____ GIVEN INFORMATION

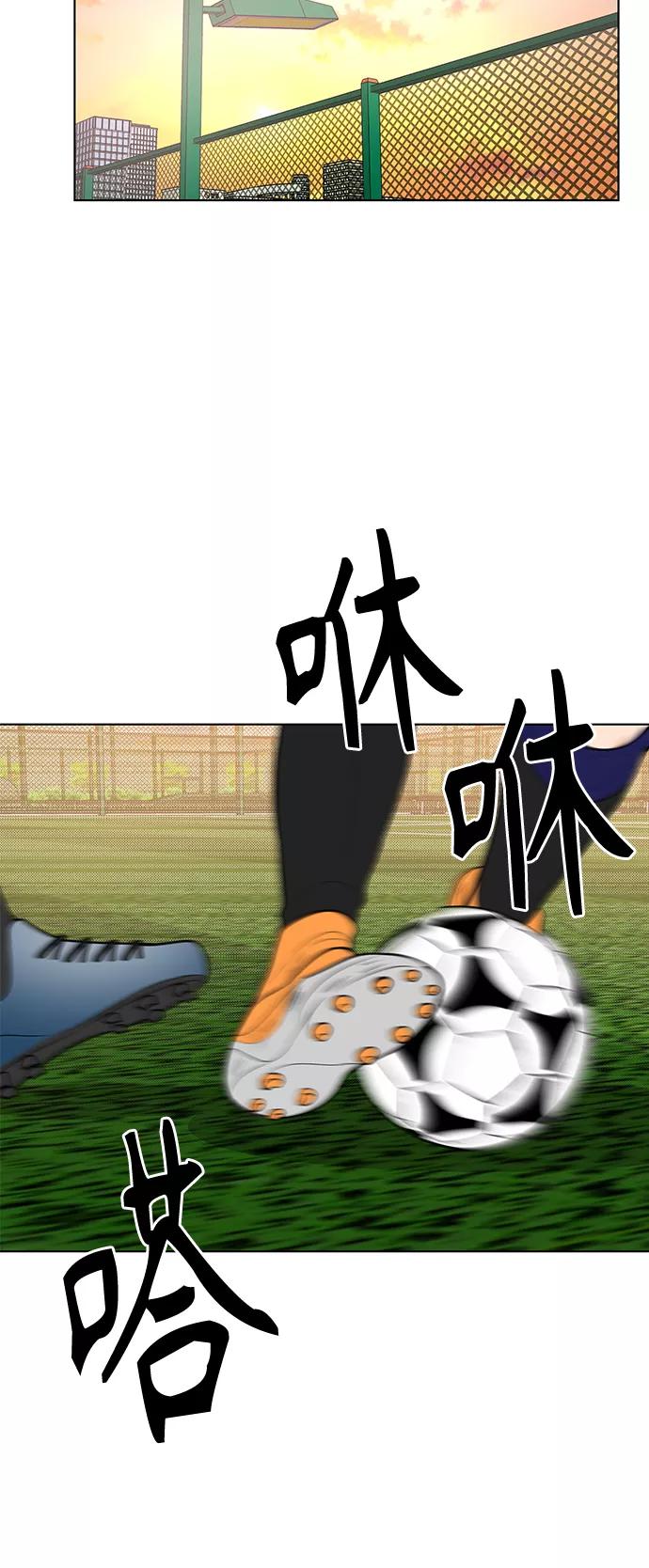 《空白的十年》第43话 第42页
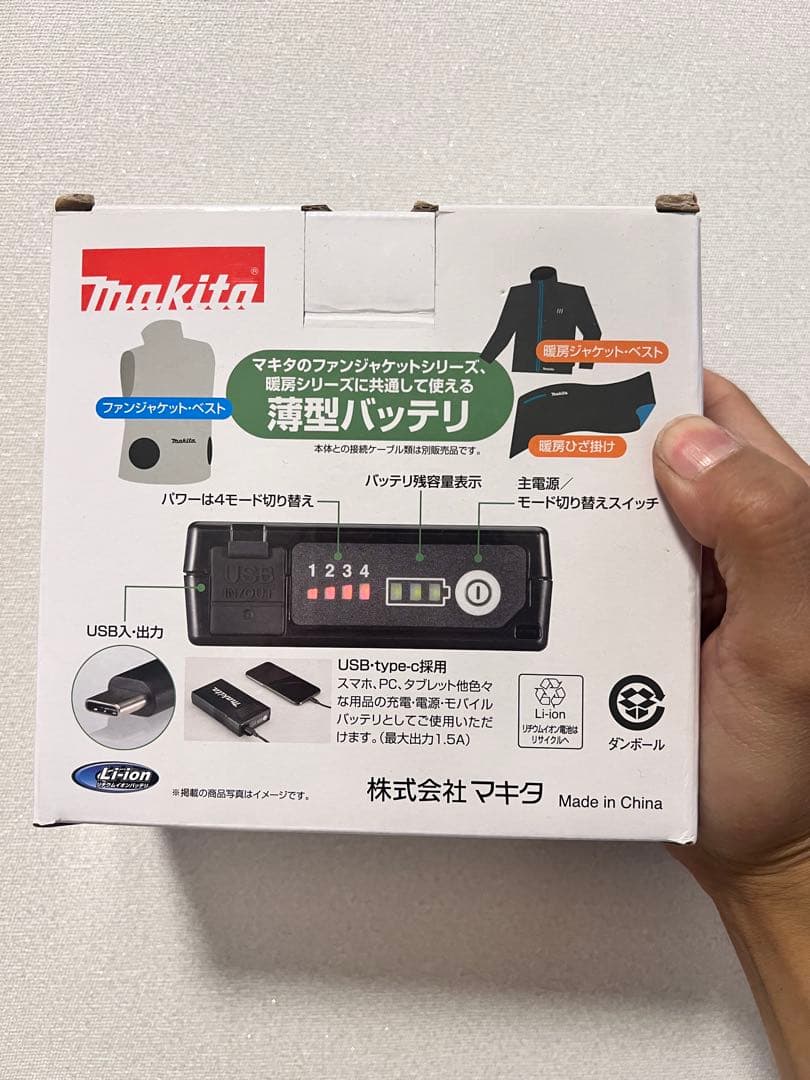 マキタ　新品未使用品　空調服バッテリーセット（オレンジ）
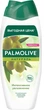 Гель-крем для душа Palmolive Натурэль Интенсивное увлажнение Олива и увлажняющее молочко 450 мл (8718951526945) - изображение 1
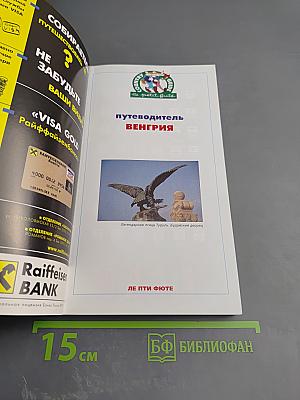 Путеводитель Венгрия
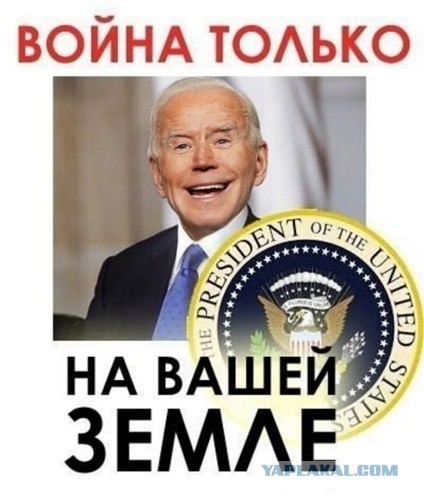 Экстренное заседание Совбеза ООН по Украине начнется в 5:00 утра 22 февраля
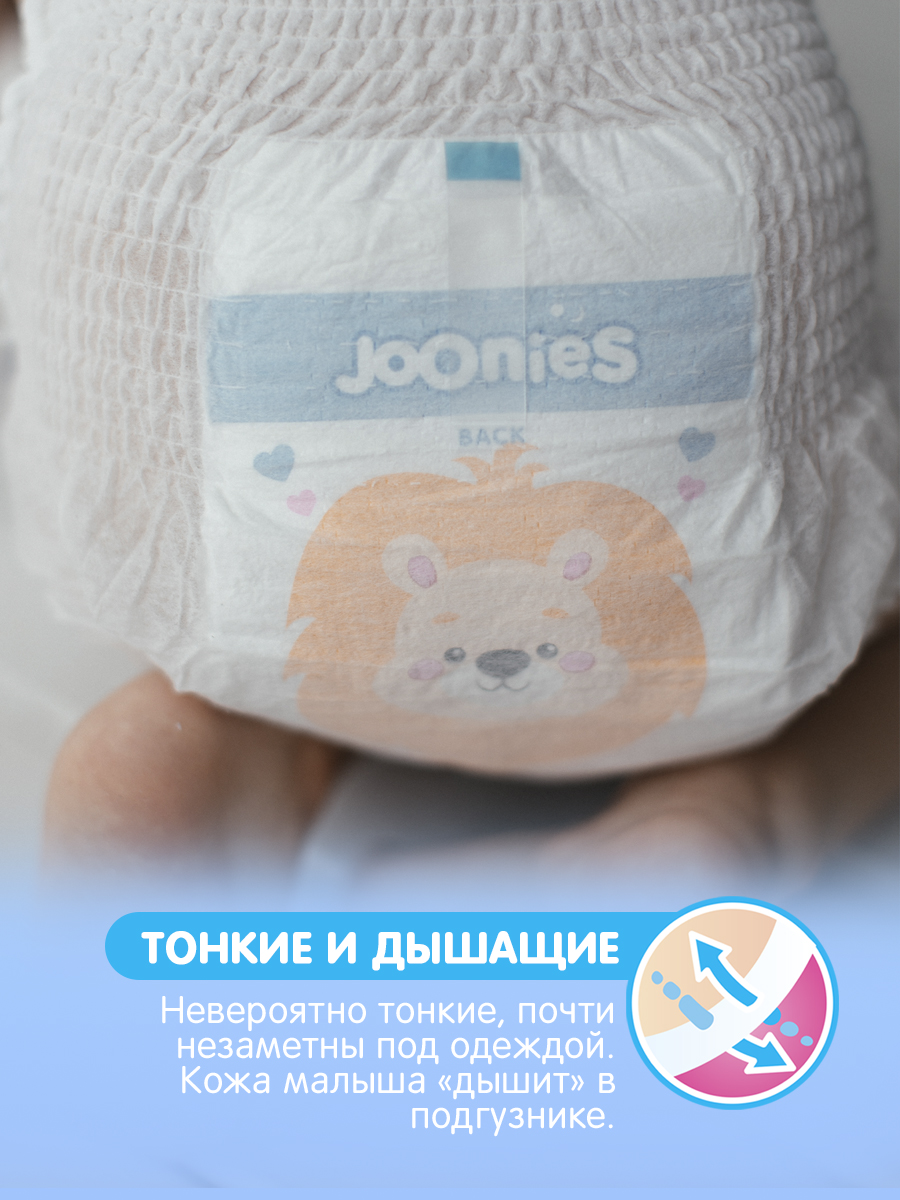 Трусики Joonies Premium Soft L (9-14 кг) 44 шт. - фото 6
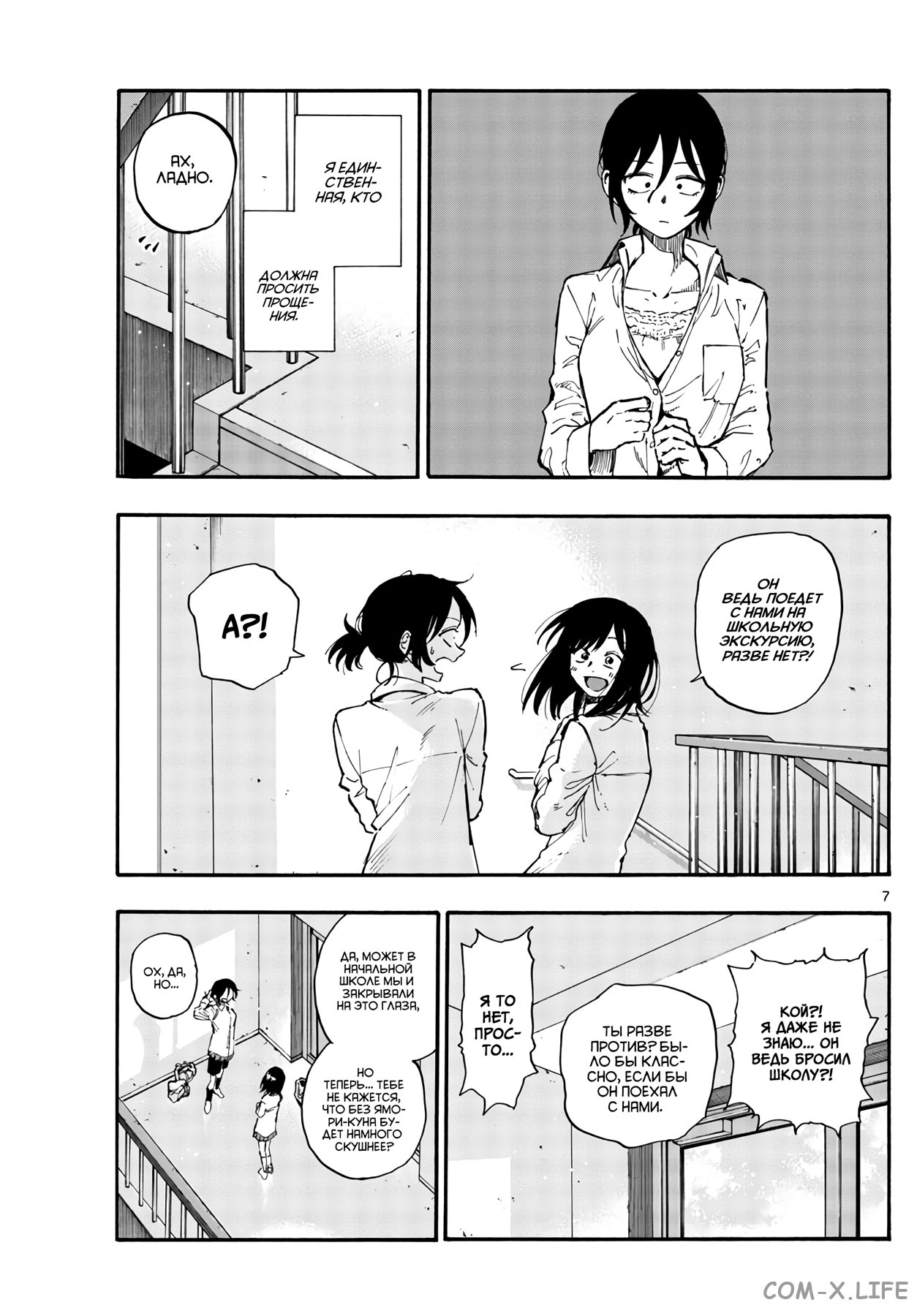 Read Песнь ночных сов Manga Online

________

TASK PROMPT:
Output each entry shown above exactly as it stands, with all pictures removed.

RESPONSE:
 《空白的十年》第43话 第42页
 マキタ　新品未使用品　空調服バッテリーセット（オレンジ）
 Гель-крем для душа Palmolive Натурэль Интенсивное увлажнение Олива и увлажняющее молочко 450 мл (8718951526945) - изображение 1
 Путеводитель Венгрия
 Экстренное заседание Совбеза ООН по Украине начнется в 5:00 утра 22 февраля
 Трусики Joonies Premium Soft L (9-14 кг) 44 шт. - фото 6
 Read Песнь ночных сов Manga Online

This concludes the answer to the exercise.